Właścicielka wyrzuciła psa z balkonu drugiego piętra. Wydarzył się cud
34-letnia właścicielka psa miała grozić, że sama zeskoczy z balkonu, po czym zaatakować pokojówkę motelu, w którym się zatrzymała. Na miejsce wezwano szeryfa i patrol policji. Kobieta nie chciała jednak z nimi rozmawiać. Zatrzasnęła drzwi do pokoju i nie odpowiadała na wezwania mundurowych. Gdy ci zaczęli rozważać jak poradzić sobie z nietypową sytuacją, kobieta wypadła z mieszkania, trzymając psa na rękach.
Właścicielka wyrzuciła owczarka niemieckiego z balkonu
34-latka przeszła obok policjantów i rzuciła swoim psem przez barierkę balkonu. Mundurowi byli w szoku. Nie spodziewali się, że ktoś mógłby potraktować zwierzę w taki sposób. Gdy tylko się otrząsnęli, powalili kobietę na ziemię i zakuli w kajdanki.

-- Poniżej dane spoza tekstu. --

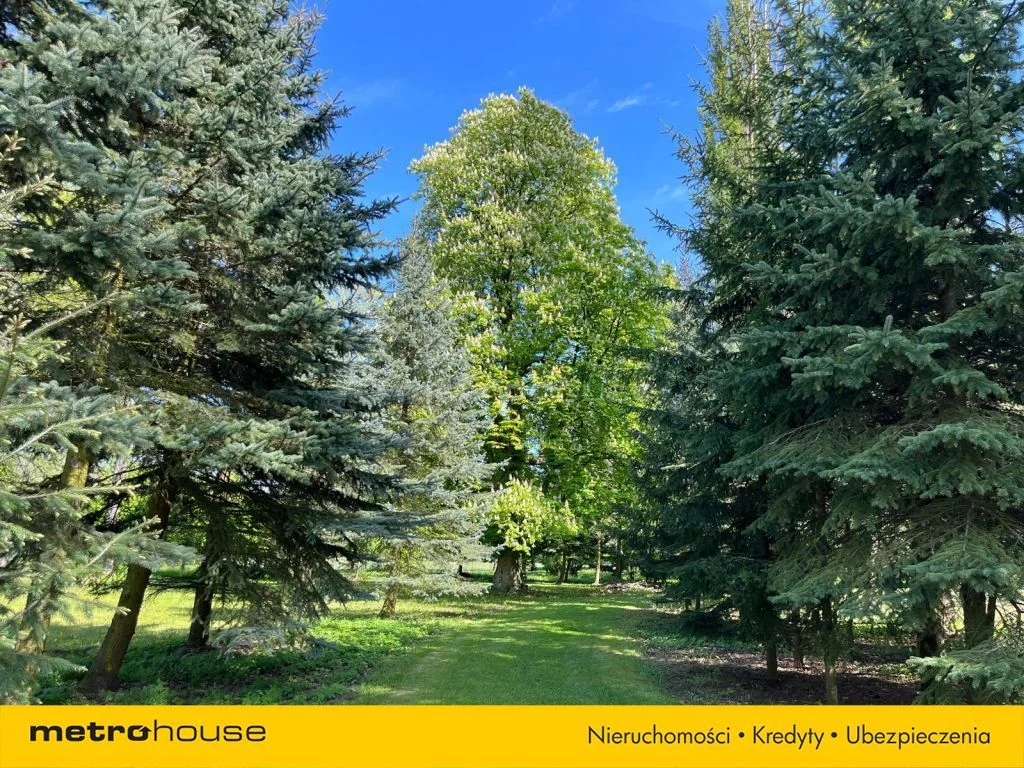 Działka 25 000,00 m², oferta nr , SGDEVA418, Wodziczna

Pies wylądował na łapach. Sytuacja wyglądała groźnie, jednak gapie od razu zaopiekowali się spanikowanym zwierzakiem. Gdy jego właścicielkę przewożono na komisariat, on trafił do gabinetu weterynarza.
Kobieta usłyszała zarzuty napaści i znęcania się nad zwierzęciem. Biuro szeryfa zdecydowało się opublikować nagranie z kamery przypiętej do munduru jednego z interweniujących na miejscu mężczyzn.

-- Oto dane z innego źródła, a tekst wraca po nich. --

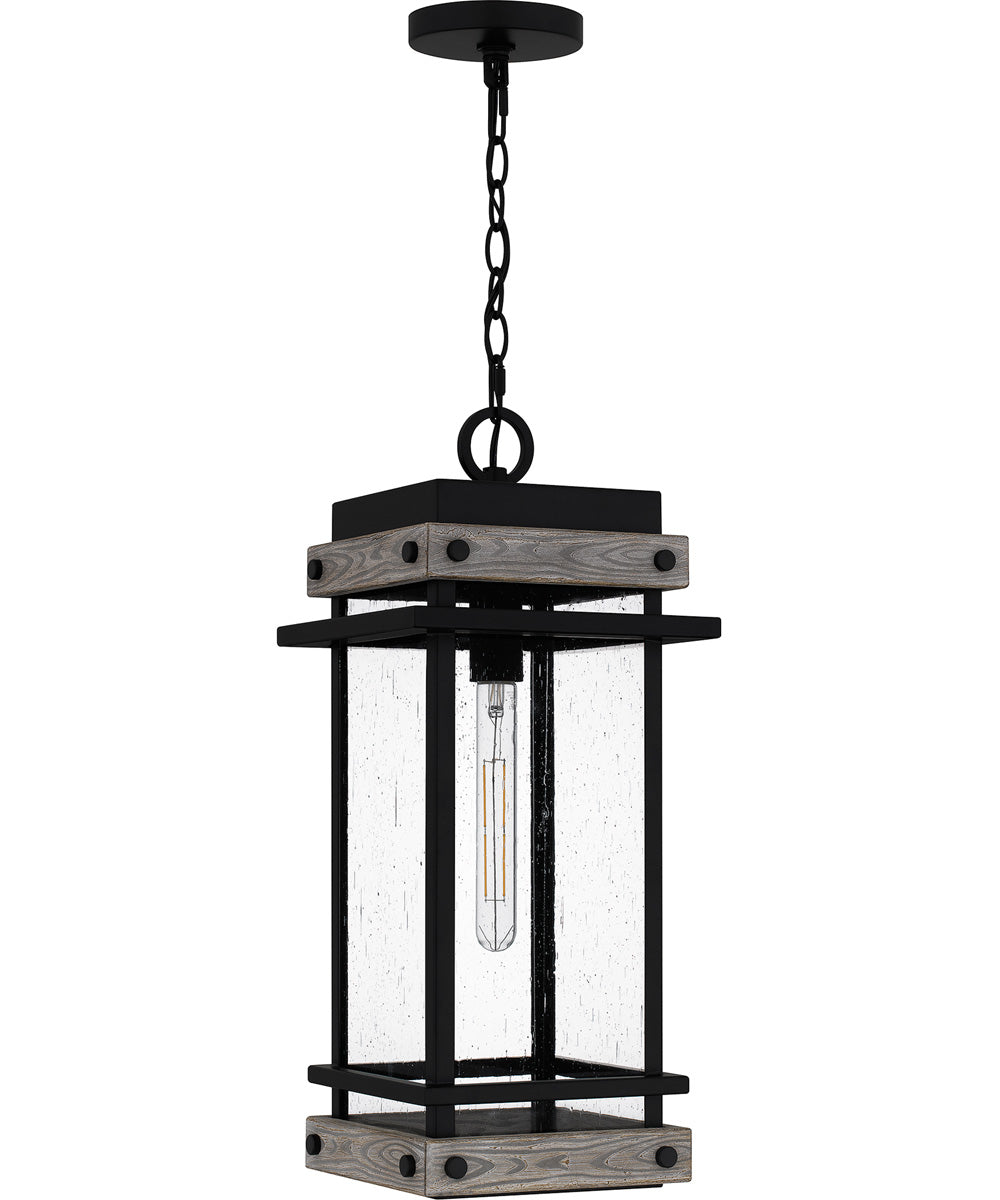 Strader Large 1-light Outdoor Pendant Light Matte Black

Widać na nim całą scenę, od przyjazdu policji na miejsce, po aresztowanie właścicielki psa i odprowadzenie jej do radiowozu. Funkcjonariusze starali się nie eskalować napięcia, ze zgłoszenia wynikało, że mają do czynienia z osobą o skłonnościach samobójczych.
Prawdopodobnie dlatego nie podbiegli do niej, gdy tylko otworzyła drzwi, wychodząc z psem przed dom. Wyglądało na to, że kobieta się uspokoiła i chce z nimi porozmawiać. Gdy chwyciła psa, mężczyźni próbowali ją powstrzymać, było jednak za późno.
Owczarek otrzymał imię "Cud"
Zwierzę, które przeżyło upadek z ponad 5 metrów, wyszło z całej sytuacji bez szwanku. Owczarkowi udało się wylądować na łapach, amortyzując swój upadek. Weterynarz był zaskoczony zwinnością psa.
Jako że policjanci i pracownicy lecznicy nie wiedzieli jak zwracać się do psa, nadali mu imię "Cud", ze względu na to, przez co przeszedł. Lekarze znaleźli jedynie igłę do szycia wbitą w udo psa.
Po jej usunięciu Cud trafił do schroniska dla zwierząt. Mamy nadzieję, że piękny i zwinny owczarek niemiecki nie spędzi tam za wiele czasu, jak i w przyszłości będzie miał większe szczęście do właścicieli.